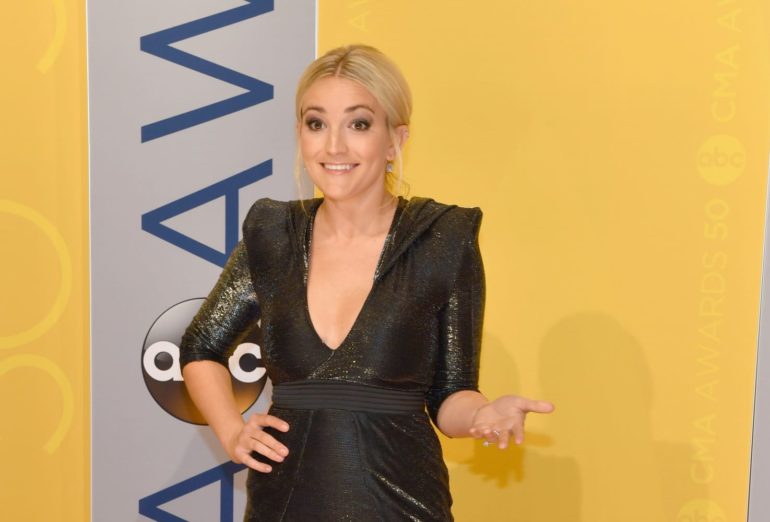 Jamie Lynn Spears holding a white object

==

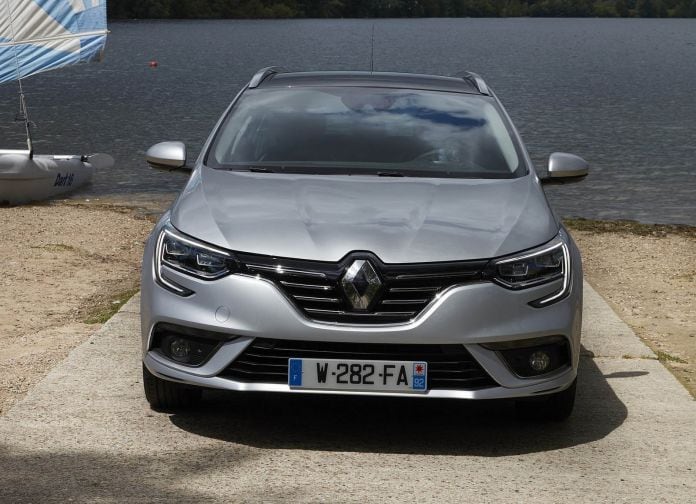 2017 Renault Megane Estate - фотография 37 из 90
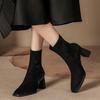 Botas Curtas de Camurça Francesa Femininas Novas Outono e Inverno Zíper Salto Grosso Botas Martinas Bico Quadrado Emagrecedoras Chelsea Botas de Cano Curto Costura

Goal of the exercise →
Nothing but the lines above, starting at the line that contains "2017 Renault Megane" and ending at the line that contains "Botas Curtas de", should be given again, exactly and without the pictures.

Exercise answer →
 2017 Renault Megane Estate - фотография 37 из 90
 Botas Curtas de Camurça Francesa Femininas Novas Outono e Inverno Zíper Salto Grosso Botas Martinas Bico Quadrado Emagrecedoras Chelsea Botas de Cano Curto Costura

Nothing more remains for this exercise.